Two girls, 9 and 6. I just turned 37, wife is 44. On top of the 2000 square feet we've got a 500sq foot heated garage that we currently use as a playroom and gym. Perfectly comfortable in the winter.

Our retirement plans are always changing, but speaking honestly, I want to get to a point where we can say "made it" and then work to live and not work to save. What I mean by that is to say "house paid off, investments will grow another 20 years before we touch them... As long as we're making enough to pay our bills, we're in good shape." We both enjoy our jobs right now but we also both dream of what financial freedom might look like.

This may come in two stages (still trying to figure it out).

STAGE ONE, in 5 years when we're considering having our mortgage paid off. We've been wrestling with paying off the mortgage or saving but I believe we can do both at an accelerated rate. If we keep doing what we've been doing and have a 4% return, we'll have just under $900k in RRSP's TFSA's and unregistered investments in 5 years and the mortgage can be paid off.

At that point, the only additional saving we'd need would be to the girls RESP's. We enter STAGE TWO. What that looks like is either keep doing what we're doing because we still enjoy it, or, we choose to do something different that we love and as long as we're making enough money to maintain without dipping into our investments, we're in good shape. Perhaps we'll be working a less. Perhaps we'll travel more. Not sure what that looks like yet.

But the allure of that larger home throws all that up in the air. Would we like a bigger home? Perhaps? The idea of having a house that's got a towering roof with a home office and a view overlooking a forest or the lake seems nice. Right now, my home office is in the basement, or in the recliner upstairs in the living room (Laptop on a recliner). Bigger house, bigger mortgage, but in the end, more net worth?

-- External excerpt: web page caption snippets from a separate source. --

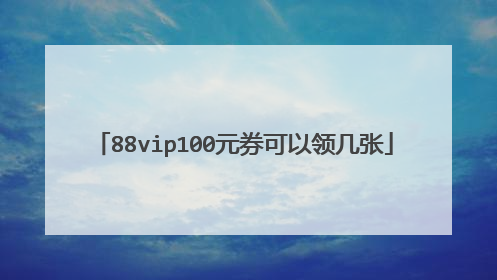 88vip100元券可以领几张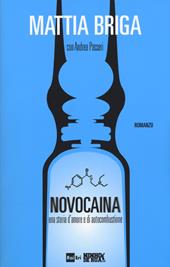 Novocaina. Una storia d'amore e di autocombustione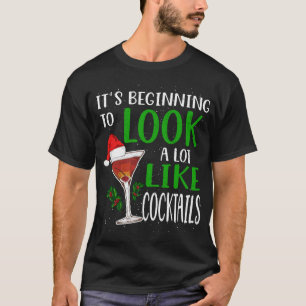 T-shirt Commence To Look A Lot Like Cocktails Funny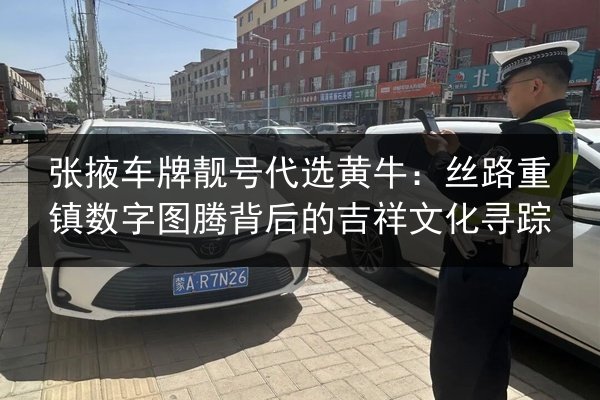 张掖车牌靓号代选黄牛:丝路重镇数字图腾背后的吉祥文化寻踪 第3张 张掖车牌靓号代选黄牛:丝路重镇数字图腾背后的吉祥文化寻踪 第3张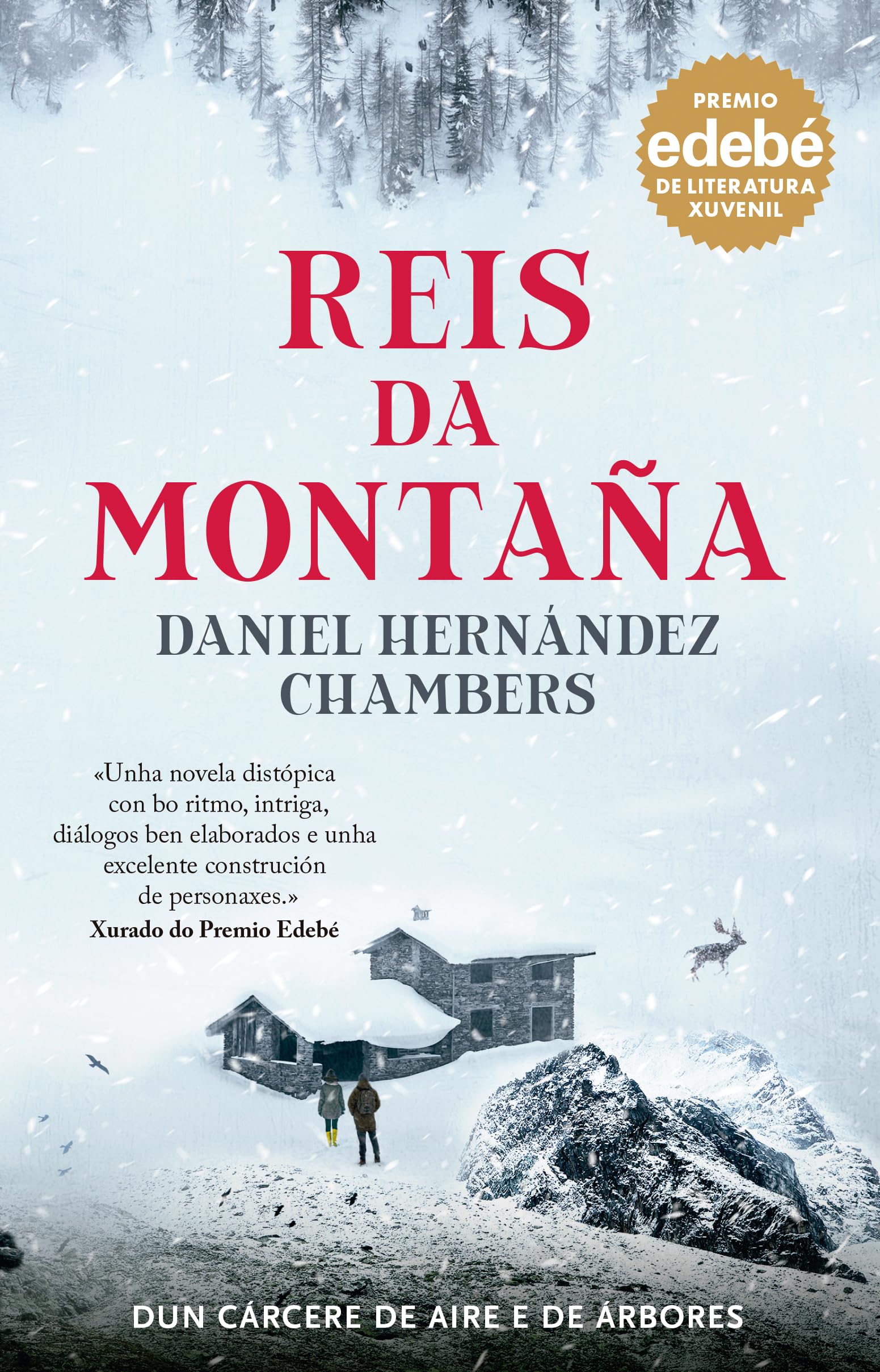 REIS DA MONTAÑA. Premio EDEBÉ de Literatura Xuvenil 2024 Fiction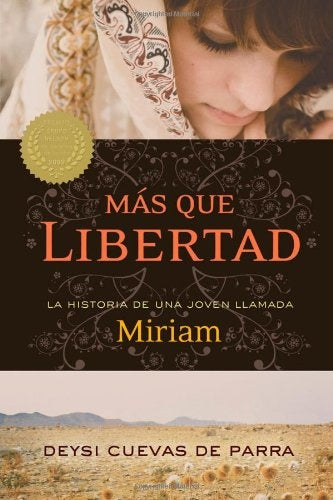 MAS QUE LIBERTAD. HISTORIA DE UNA JOVEN LLAMADA MIRIAM (AUT) | DEYSI CUEVAS DE PARRA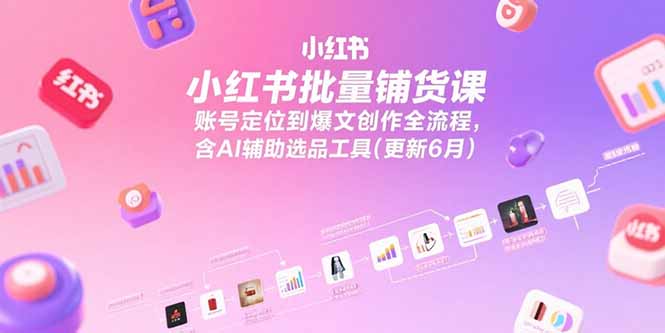 小红书批量铺货课，账号定位到爆文创作全流程，含AI辅助选品工具(更新6月-hl998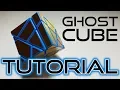 Ghost Cube Tutorial Walkthrough Solve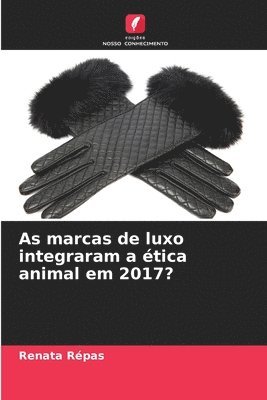 As marcas de luxo integraram a tica animal em 2017? 1
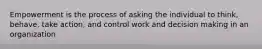 Empowerment is the process of asking the individual to think, behave, take action, and control work and decision making in an organization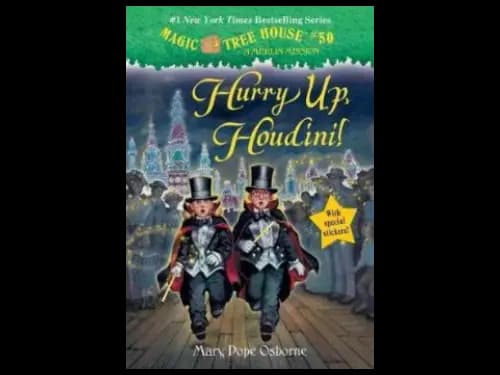 Magic Tree House : Hurry Up Houdini by Mary Pope Osborne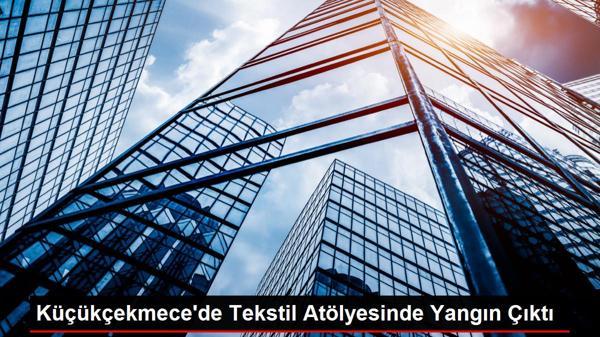 Küçükçekmece'de Tekstil Atölyesinde Yangın Çıktı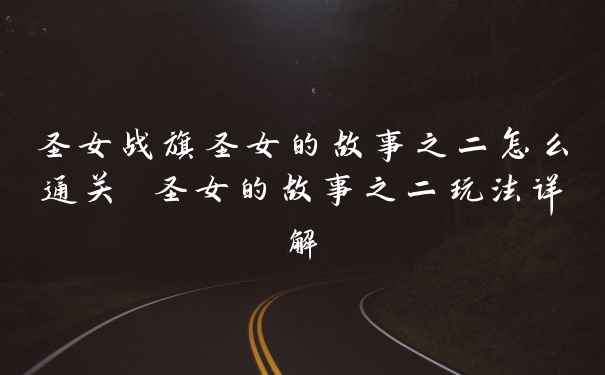 圣女战旗圣女的故事之二怎么通关 圣女的故事之二玩法详解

OTOH, in my recliner, I'm looking at a park with a lake behind it and ride my bike around the waterfront every day at lunch in the summer. Certainly not complaining.

We purchased our home because the home isn't huge and because the lot is a good size. 60X160. We figured, this much room and location gives the girls the opportunity to play outdoors rather than be glued to the tv all the time. 5 minute walk from the beach, across from a park, big backyard, water close by... I figured we made good choices. But, as wendi1 and nathhan have indicated, perhaps the lack of space really is an organizational issue.


----------



## tygrus (Mar 13, 2012)

The only reason I can see for more space is for more kids or family members. Are you having more? Are they outgrowing your space? 

ps. Look online for garden studios or back yard offices. Great way to add some private space cheaply


----------



## kork (Jun 9, 2012)

tygrus said:


> The only reason I can see for more space is for more kids or family members. Are you having more? Are they outgrowing your space?
> 
> ps. Look online for garden studios or back yard offices. Great way to add some private space cheaply


No plans for more kids and nothing yet for more family members. Cross the family member bridge when we get there. The space is reasonable. We have a lot of kids toys... We need to purge.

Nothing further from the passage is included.